Older Homeless People Are at Great Risk of Dying
UCSF News • August 29, 2022
In a long-term study of older people experiencing homelessness in Oakland, 26% of the participants died within a few years of being enrolled, UCSF BHHI researchers found. The study, funded by the National Institute on Aging, recruited people who were 50 and older and homeless, and followed them for a median of 4.5 years. Researchers examined how factors like regaining housing, using drugs, and having various chronic conditions, such as diabetes, affected participants' risk of dying. They found that people who first became homeless at age 50 or later were about 60% more likely to die than those who had become homeless earlier in life, and those who remained homeless were about 80% more likely to die than those who were able to return to housing.
Just How Bad for Health Is Homelessness? UCSF Study Finds Dire Outcomes for Oakland’s Older Population
San Francisco Chronicle • August 29, 2022
A UCSF BHHI study that followed older homeless adults in Oakland for nearly a decade found that becoming homeless after the age of 50 ratchets up a person’s likelihood of dying early, underscoring the unmistakable role that housing has in extending life. Researchers determined that people in the study who remained unhoused—compared to those who regained their housing—were 80% more likely to die during the follow-up time period from mid-2013 to the end of 2021.
‘This Is What Equity Looks Like’: Roving Teams Deliver COVID Vaccines Around the Tenderloin
San Francisco Chronicle • August 25, 2022
This news article describes ongoing efforts to vaccinate people experiencing homelessness in San Francisco against COVID. Margot Kushel, MD, is quoted regarding the earliest vaccination efforts, which BHHI helped strategize and implement on the ground with local organizations. She said it wasn’t so much fear about the vaccines that made it hard for low-income and unhoused people to get shots. “So much of it was really about access,” said Dr. Kushel. “Setting up big tents to come get vaccinated was good for a lot of people, but for others we really needed to go to where they were.”

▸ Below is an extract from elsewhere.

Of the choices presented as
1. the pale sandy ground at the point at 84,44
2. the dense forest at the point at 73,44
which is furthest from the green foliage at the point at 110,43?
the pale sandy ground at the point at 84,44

People in Shelter-in-Place Hotels Used Less Acute Health Services
UCSF News • July 27, 2022
In the first year of the pandemic, San Francisco and other communities in California offered private hotel rooms, three meals a day and on-site medical services to homeless people who were at risk of getting severe COVID-19. The aim was to stop the spread of the virus among a highly vulnerable group, but the policy had another important effect, according to new research by UC San Francisco, UC Berkeley, and the San Francisco Department of Public Health. It dramatically lowered the use of acute medical care by the hotel occupants who had used this type of care the most in the past.
LA’s Mayoral Candidates Have Big Plans to Fix Homelessness
NPR Morning Edition & KCRW • July 12, 2022
This radio news story reports how mayoral candidates in LA propose addressing homelessness in Los Angeles. Margot Kushel, MD, director of the UCSF Benioff Homelessness and Housing Initiative, discusses how solving homelessness requires a big systemic fix. "The underlying drivers of homelessness are the lack of deeply affordable housing, income inequality, and structural racism. It’s going to be hard to solve this problem without effort from the federal government."